**SOURCE MATERIAL**

***

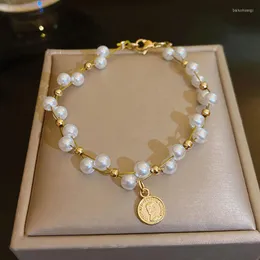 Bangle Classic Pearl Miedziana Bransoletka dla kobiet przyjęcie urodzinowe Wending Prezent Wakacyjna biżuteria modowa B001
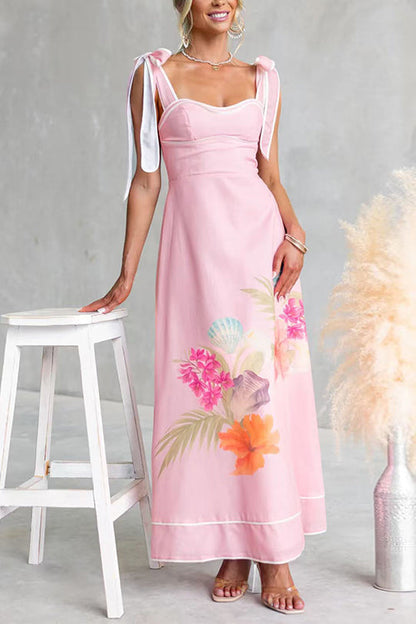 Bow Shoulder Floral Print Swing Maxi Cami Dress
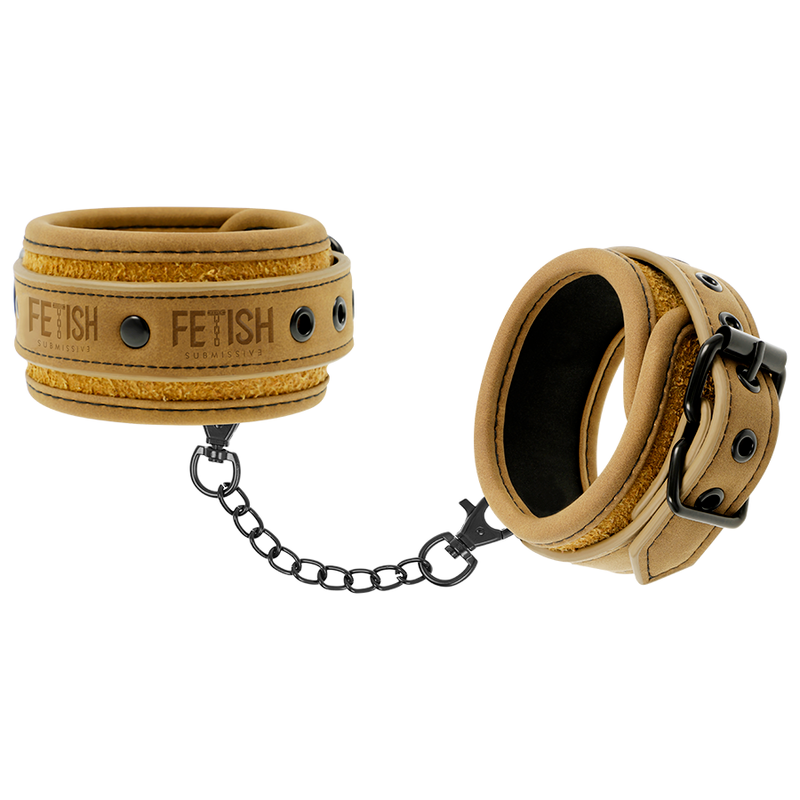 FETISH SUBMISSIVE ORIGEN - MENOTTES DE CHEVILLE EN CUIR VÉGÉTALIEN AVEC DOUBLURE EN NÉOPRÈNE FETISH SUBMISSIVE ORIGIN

***

**EXERCISE DESCRIPTION**
Copy the listing exactly. No images belong in the copy.

**RESULT OF THIS TASK**
 Bangle Classic Pearl Miedziana Bransoletka dla kobiet przyjęcie urodzinowe Wending Prezent Wakacyjna biżuteria modowa B001
 Bow Shoulder Floral Print Swing Maxi Cami Dress
 FETISH SUBMISSIVE ORIGEN - MENOTTES DE CHEVILLE EN CUIR VÉGÉTALIEN AVEC DOUBLURE EN NÉOPRÈNE FETISH SUBMISSIVE ORIGIN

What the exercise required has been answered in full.